26 Derhalve zijn artikel 7 ter van de toepassingsverordening en artikel 9, lid 1, van de basisverordening niet tegenstrijdig.

27 Gelet op het voorgaande, moet het middel ontleend aan onbevoegdheid van de Commissie, worden afgewezen.

Motiveringsgebrek

28 Het Koninkrijk Spanje betoogt, dat in geen van de overwegingen van de considerans van de wijzigingsverordening wordt toegelicht, waarom er een etiketteringsvoorschrift wordt ingevoerd dat, zoals artikel 7 ter van de toepassingsverordening, afwijkt van de beginselen van de basisverordening.

29 Dienaangaande zij aanstonds opgemerkt, dat de wijzigingsverordening uitdrukkelijk is vastgesteld op basis van artikel 6, lid 3, van de basisverordening, die beoogt te voorkomen dat de toepasselijke benamingen tot verwarring leiden, rekening houdend met produkten die op het moment van inwerkingtreding van genoemde verordening bestaan. In de tweede considerans van de wijzigingsverordening wordt dienaangaande uitgelegd, dat om rekening te houden met gebruiken die bij de inwerkingtreding van de basisverordening reeds lang bestaan, het dienstig is toe te staan, dat bepaalde samengestelde "likeur"-benamingen verder worden gebruikt, zelfs indien de alcohol niet afkomstig is van de aangegeven gedistilleerde drank.

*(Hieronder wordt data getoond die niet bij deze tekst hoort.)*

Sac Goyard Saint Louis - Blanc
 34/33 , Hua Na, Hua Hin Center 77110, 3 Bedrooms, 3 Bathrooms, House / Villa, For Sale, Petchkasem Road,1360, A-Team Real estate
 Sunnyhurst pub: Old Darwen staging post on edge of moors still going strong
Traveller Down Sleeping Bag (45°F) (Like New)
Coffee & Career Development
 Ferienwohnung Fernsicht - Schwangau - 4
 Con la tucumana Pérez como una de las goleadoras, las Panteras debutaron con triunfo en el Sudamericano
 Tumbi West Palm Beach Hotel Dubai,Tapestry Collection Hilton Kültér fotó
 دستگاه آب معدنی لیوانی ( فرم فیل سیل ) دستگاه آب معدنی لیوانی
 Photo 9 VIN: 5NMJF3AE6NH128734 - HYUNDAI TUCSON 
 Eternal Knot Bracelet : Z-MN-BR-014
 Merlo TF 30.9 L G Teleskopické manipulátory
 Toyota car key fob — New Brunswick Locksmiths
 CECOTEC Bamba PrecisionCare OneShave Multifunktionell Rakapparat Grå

30 Onder deze omstandigheden kan het middel ontleend aan motiveringsgebrek, niet worden aanvaard.

Niet-nakoming van de verplichting tot consumentenbescherming

31 Volgens het Koninkrijk Spanje biedt artikel 7 ter van de toepassingsverordening de mogelijkheid, in de aanduiding van een gedistilleerde drank die op basis van ethylalcohol uit landbouwprodukten is vervaardigd, een ingrediënt, te weten "brandy", te vermelden, dat niet in die drank voorkomt. Dit is in strijd met artikel 2, lid 1, sub a, van richtlijn 79/112/EEG van de Raad van 18 december 1978 betreffende de onderlinge aanpassing van de wetgevingen der Lid-Staten inzake etikettering en presentatie van levensmiddelen bestemd voor de eindverbruiker, alsmede inzake de daarvoor gemaakte reclame (PB 1979, L 33, blz. 1; hierna: "richtlijn 79/112"), dat de etikettering de koper niet mag kunnen misleiden ten aanzien van de kenmerken van het levensmiddel.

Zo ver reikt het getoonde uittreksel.